• **WHAT NEEDS TO BE DONE**
With the pictures left aside, write out exactly the lines of the listing below from the line with "漫画ワンピース ルフィ ゾロ" to the line with "Customizable Smart WSS", both included, and only those.

• **RECORDS TO USE**
::::::

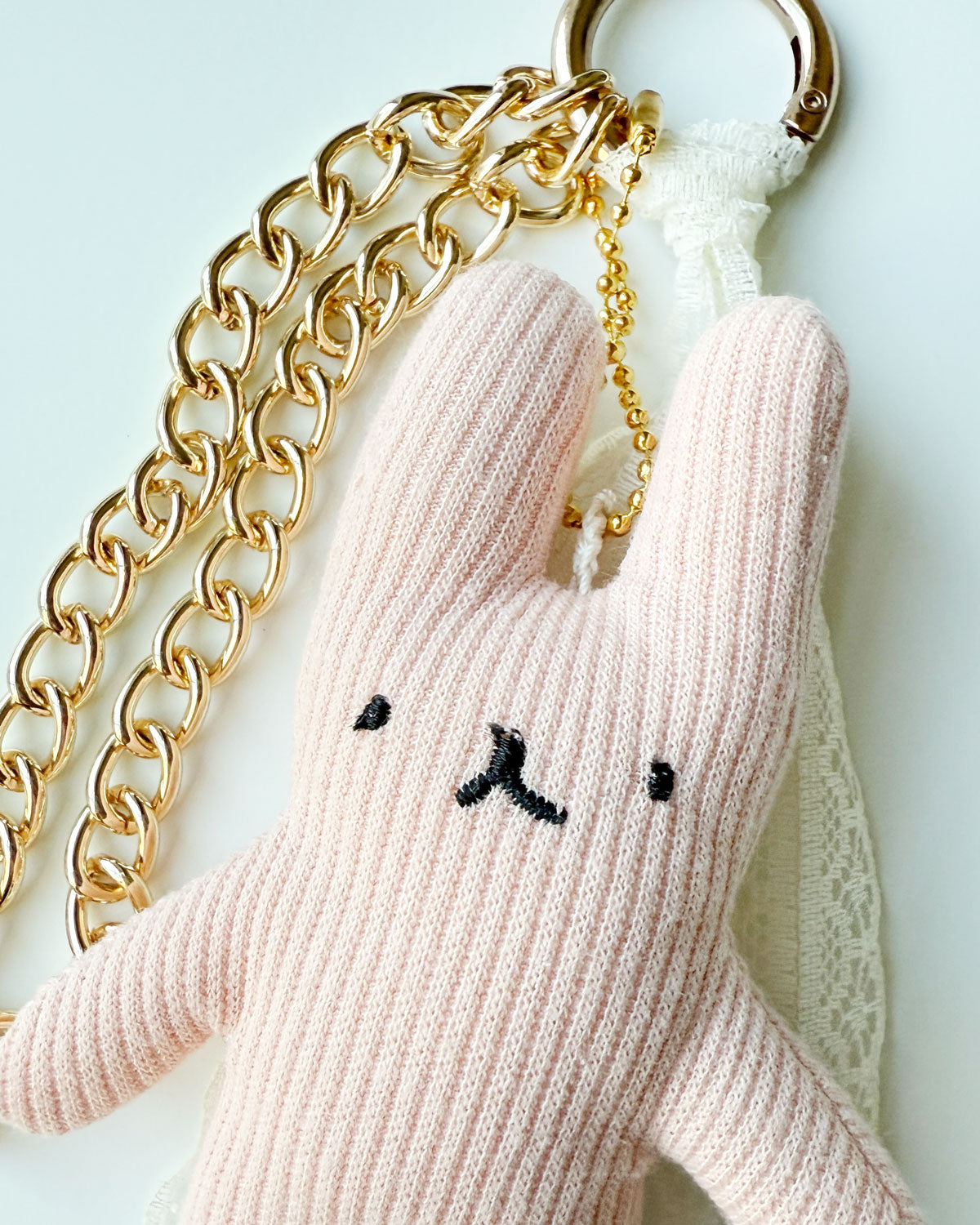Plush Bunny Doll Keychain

::::::

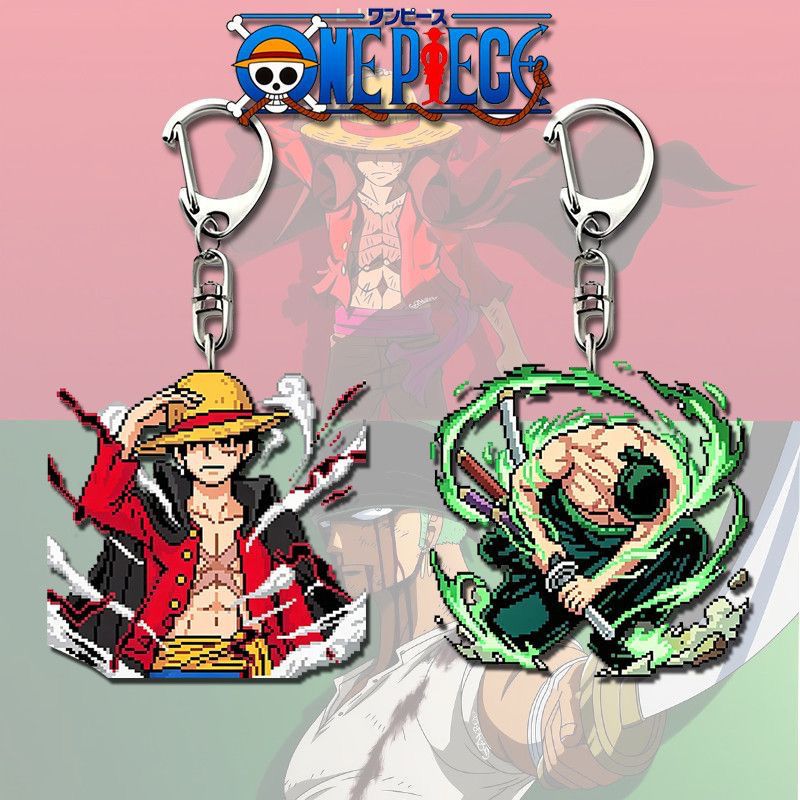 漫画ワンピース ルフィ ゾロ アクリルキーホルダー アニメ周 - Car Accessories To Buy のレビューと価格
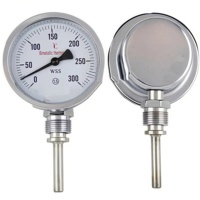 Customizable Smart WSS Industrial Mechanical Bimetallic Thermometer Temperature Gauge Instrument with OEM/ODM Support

::::::

• **OUTPUT FOR THIS TASK**
 漫画ワンピース ルフィ ゾロ アクリルキーホルダー アニメ周 - Car Accessories To Buy のレビューと価格
 Customizable Smart WSS Industrial Mechanical Bimetallic Thermometer Temperature Gauge Instrument with OEM/ODM Support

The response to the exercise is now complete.